Il caso: A.P. e F.M venivano convenuti in giudizio dall’Amministrazione giudiziaria della ditta SB. perche’ venissero condannati solidalmente al pagamento di quanto dovuto per l’occupazione di un immobile, con annesso terreno retrostante, da loro detenuto a partire dal 1994, di proprieta’ per meta’ di SB.

Venivano convenute in giudizio anche le altre due proprietarie per meta’ del medesimo immobile, perche’ venissero condannate alla restituzione dei frutti derivanti dall’utilizzazione dell’immobile.

Il Tribunale di Palermo,in parziale accoglimento della domanda attorea, condannava A.P. al pagamento di 2/4 del valore complessivo del canone di locazione dell’immobile, pari ad Euro 22.530,31, oltre alla rivalutazione monetaria e agli interessi legali; per il giudice, infatti:

a) la domanda nei confronti di A.P. doveva qualificarsi come richiesta di indennita’ per occupazione senza titolo di un immobile altrui, poiche’ risultava che egli aveva occupato parte dell’immobile oggetto del giudizio facendone la sede della sua attivita’ commerciale;

b) del tutto irrilevante peraltro risultava la ricorrenza di un contratto di comodato gratuito tra A.P. e una delle comproprietarie, poiche’ esso non poteva essere opponibile alla parte attrice, stante la eccezionalita’ dell’articolo 1599 c.c. e, quindi, la sua non applicabilita’ a rapporti diversi dalla locazione.

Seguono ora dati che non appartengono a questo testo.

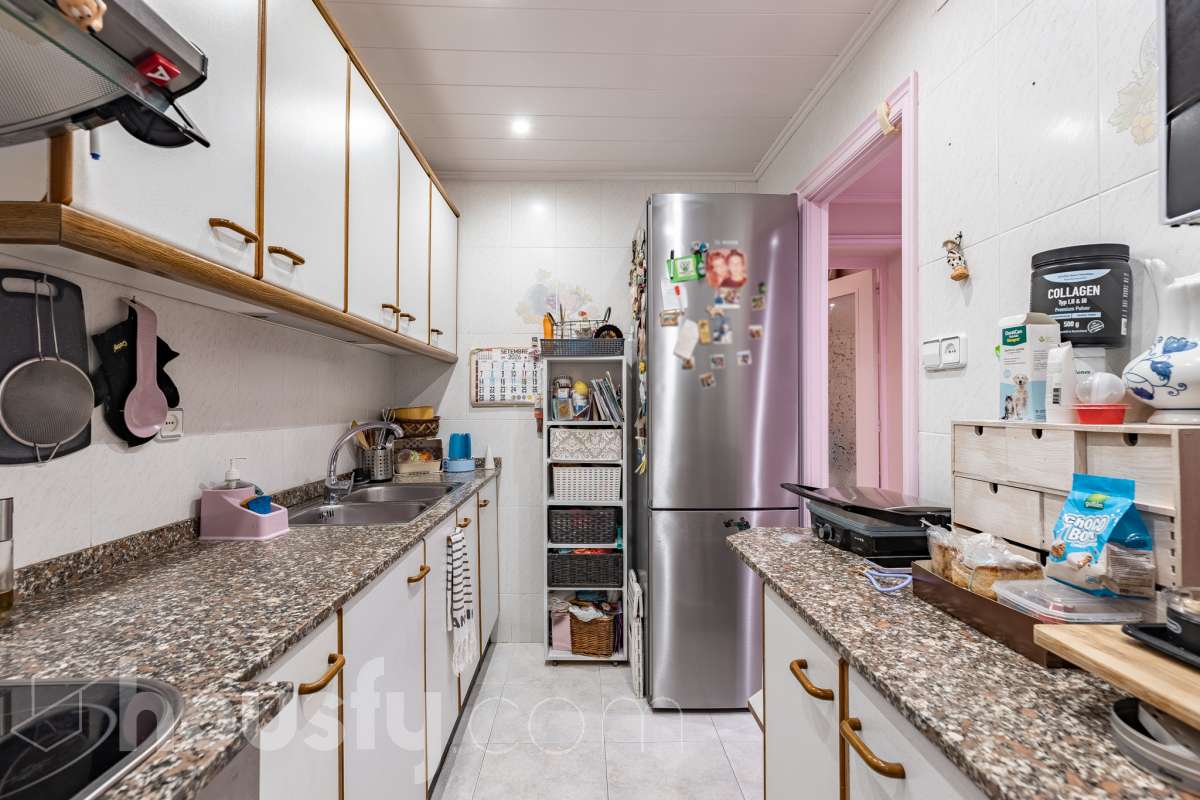 Housfy vende 🏡 luminoso piso ubicado en Rubí, el cuál consta de 79m2 útiles (verificados con la Dirección General de Catastro). Construido en el año: 1971. Te presentamos esta acogedora vivienda en Rubí, una opción ideal tanto para quienes buscan su próximo hogar como para aquellos que valoran una buena ubicación y todos los servicios al alcance. La vivienda dispone de un salón-comedor, 2 dormitorios, 1 baño y una cocina equipada, además de un agradable balcón con vistas despejadas, perfecto para disfrutar de luz y amplitud. Originalmente, el piso contaba con 3 habitaciones, por lo que ofrece la posibilidad de recuperar esta distribución en función de las necesidades del nuevo propietario. Entre sus principales características encontramos ascensor, aire acondicionado y calefacción, aportando comodidad durante todo el año. La ubicación es otro de sus puntos fuertes: se encuentra en Rubí, cerca de transporte público, colegios, supermercados y farmacias, con todo lo necesario para el día a día a pocos minutos. Una vivienda cómoda, bien comunicada y con posibilidades de adaptar su distribución a tus necesidades. Distribución de estancias -Salón-comedor -2 Dormitorios -1 Baño -Cocina equipada Características específicas -Ascensor -Aire acondicionado -Calefacción -Balcón Zona y entorno Respecto a la ubicación, se sitúa en Rubí, municipio de Barcelona. Esta propiedad se encuentra cerca de transporte público, colegios, supermercados y farmacias. Aviso legal El precio de venta no incluye gastos de la compraventa como notaría, registro, impuestos, ni tampoco honorarios agencia. Esta publicación no es vinculante. Consulta siempre la nota simple con Housfy antes de formalizar la compraventa. Sobre nosotros Housfy es la plataforma integral de servicios inmobiliarios. Nuestra combinación de expertos y tecnología pone al alcance de todo el mundo servicios cómodos, claros y seguros. AICAT número: 7922. Nos encargamos de la gestión y asesoramiento de la compra. ¡Olvídate de todo! Hacemos los trámites por ti. Y, si además necesitas financiación, ponemos a tu disposición un bróker hipotecario para ayudarte a conseguir las mejores condiciones para tu perfil económico. ¿Quieres visitarla? Contacta con Housfy y agenda tu visita sin compromiso. Más información en: housfy.com En cumplimiento de la Ley 8/2026 en Cataluña, el certificado de presencia o ausencia de amianto se encuentra en proceso de tramitación.-19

La Corte d’Appello confermava poi la decisione di primo grado, che A.P. impugnava avanti alla Corte di Cassazione, che, in accoglimento del secondo motivo di ricorso, osserva quanto segue:

a) la Corte d’Appello non ha fatto buon governo dei principi emersi dalla giurisprudenza di legittimita’ a sezioni unite (Cass., Sez. un., 04/07/2012, n. 11135) che, in un vicenda riguardante il contratto di locazione, ma la cui ratio decidendi puo’ essere estesa al contratto di comodato, dopo aver esaminato le differenti linee interpretative emerse nel corso del tempo, tra cui quella fondata sul principio della parita’ dei poteri gestori dei comproprietari e del reciproco rapporto di rappresentanza tra comunisti, ha criticato sia la tesi, fino ad allora prevalente, del mandato disgiuntivo presunto, sia quella dell’estraneita’ degli altri comproprietari rispetto al contratto stipulato da uno dei comunisti, fatta propria dalla sentenza oggetto dell’odierna impugnazione;

b)  al contrario, la fattispecie deve essere ricondotta nell’ambito di applicazione delle disposizioni concernenti la gestione di affari altrui ed ha espresso il seguente principio di diritto: “La locazione della cosa comune da parte di uno dei comproprietari rientra nell’ambito della gestione di affari ed e’ soggetta alle regole di tale istituto, tra le quali quella di cui all’articolo 2032 c.c., sicche’, nel caso di gestione non rappresentativa, il comproprietario non locatore puo’ ratificare l’operato del gestore e, ai sensi dell’articolo 1705 c.c., comma 2, applicabile per effetto del richiamo al mandato contenuto nel citato articolo 2032 c.c., esigere dal conduttore, nel contraddittorio con il comproprietario locatore, la quota dei canoni corrispondente alla rispettiva quota di proprieta’ indivisa“;

c) nel caso di specie, l’Amministrazione Giudiziaria della ditta SB., pur potendo richiedere l’immediato rilascio dell’immobile in assenza di ratifica del contratto di comodato, non aveva il diritto di pretendere dall’odierno ricorrente l’indennita’ per occupazione senza titolo, stante che il contratto di comodato stipulato dalla comproprietaria, a differenza di quanto ritenuto dalla sentenza gravata, avrebbe dovuto considerarsi un contratto opponibile.